*** Opening of DATASET EXCERPTS ***

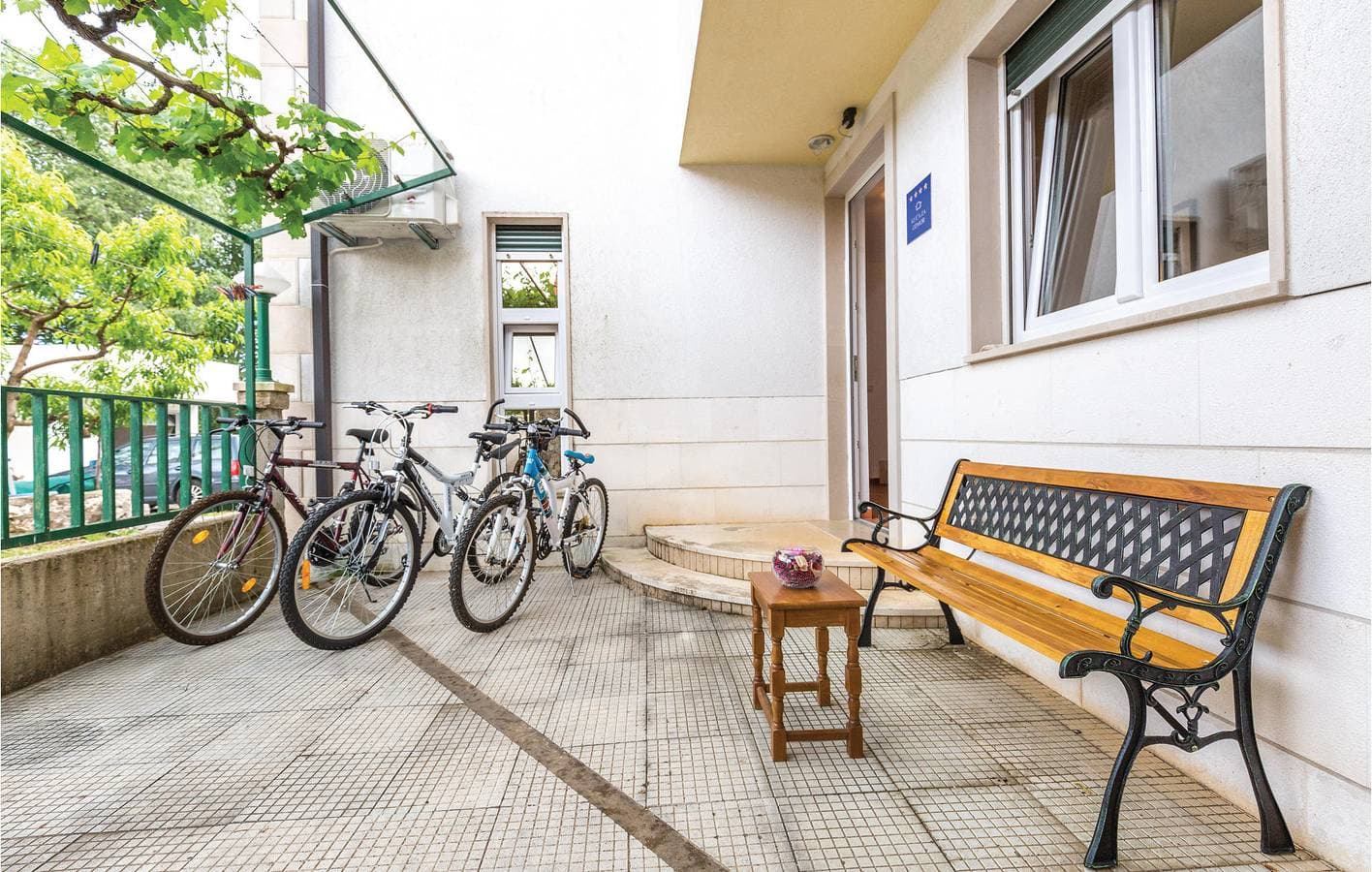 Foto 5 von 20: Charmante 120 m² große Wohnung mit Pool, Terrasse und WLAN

*** Close of DATASET EXCERPTS ***
*** Opening of DATASET EXCERPTS ***

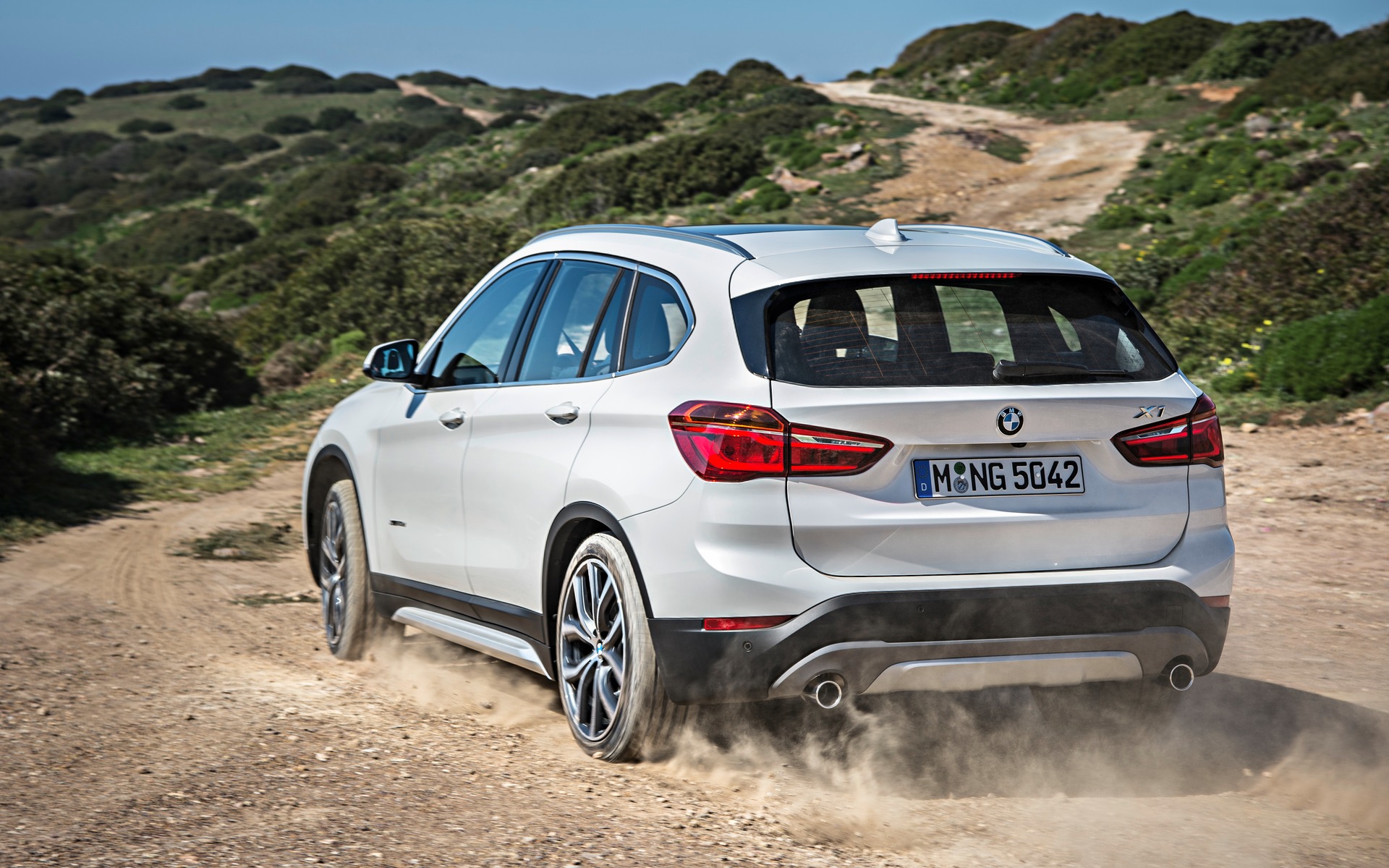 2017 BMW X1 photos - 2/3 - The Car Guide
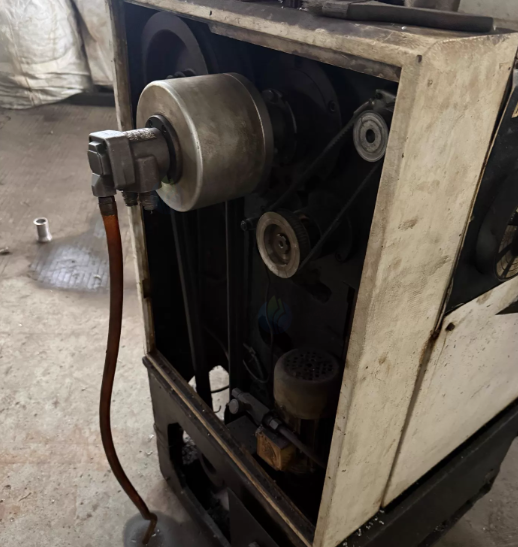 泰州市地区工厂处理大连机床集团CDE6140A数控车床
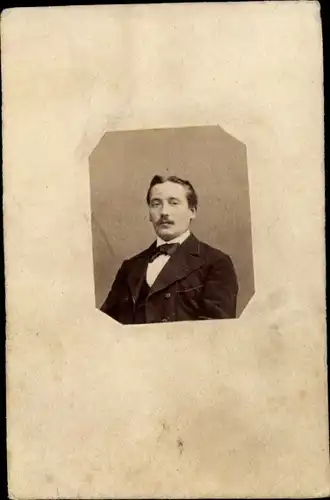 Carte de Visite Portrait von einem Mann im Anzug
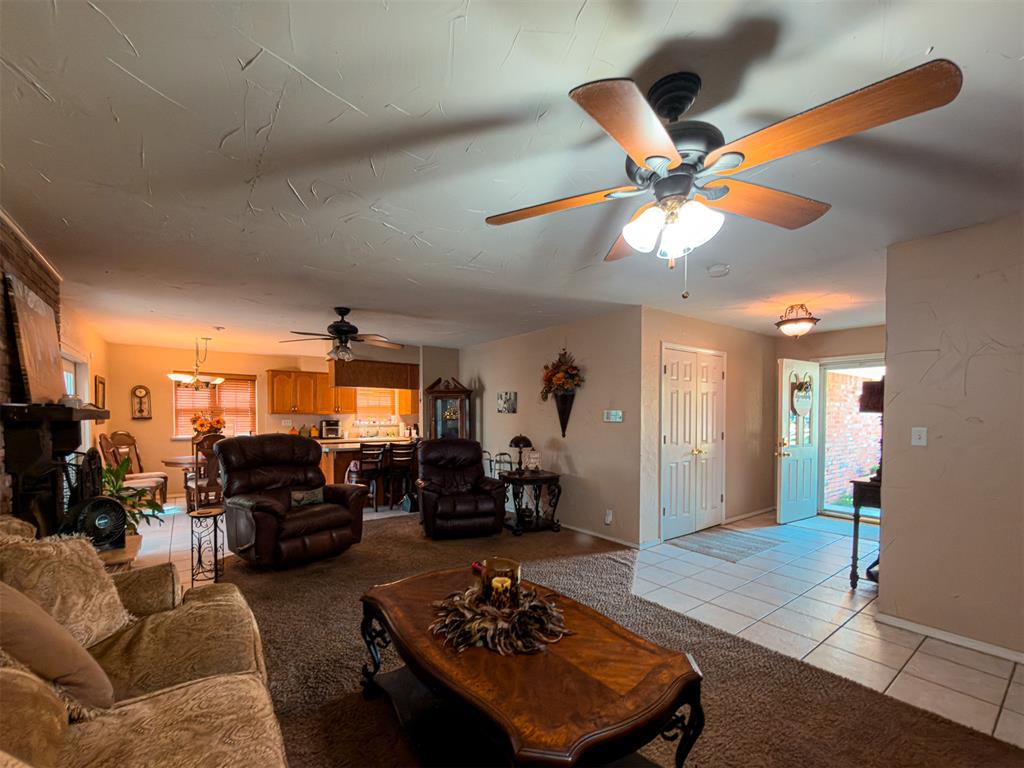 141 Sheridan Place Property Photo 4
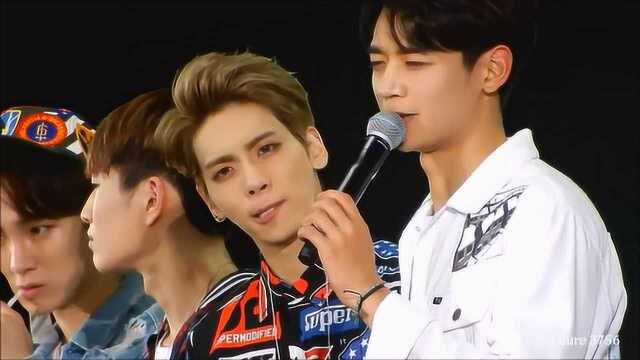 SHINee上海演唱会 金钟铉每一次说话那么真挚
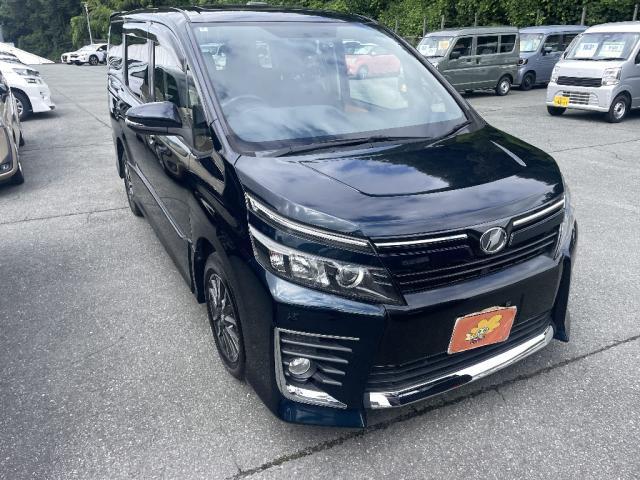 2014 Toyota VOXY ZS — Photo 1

*** Close of DATASET EXCERPTS ***

WHAT YOU ARE ASKED TO DO: Each line between the one holding "2017 BMW X1 photos - 2/3 - The Car Guide" and the one holding "2014 Toyota VOXY ZS — Photo 1", inclusive, should be copied exactly as it appears above, and pictures should be omitted.

FINAL ANSWER:
 2017 BMW X1 photos - 2/3 - The Car Guide
 泰州市地区工厂处理大连机床集团CDE6140A数控车床
 Carte de Visite Portrait von einem Mann im Anzug
 141 Sheridan Place Property Photo 4
 SHINee上海演唱会 金钟铉每一次说话那么真挚
 2014 Toyota VOXY ZS — Photo 1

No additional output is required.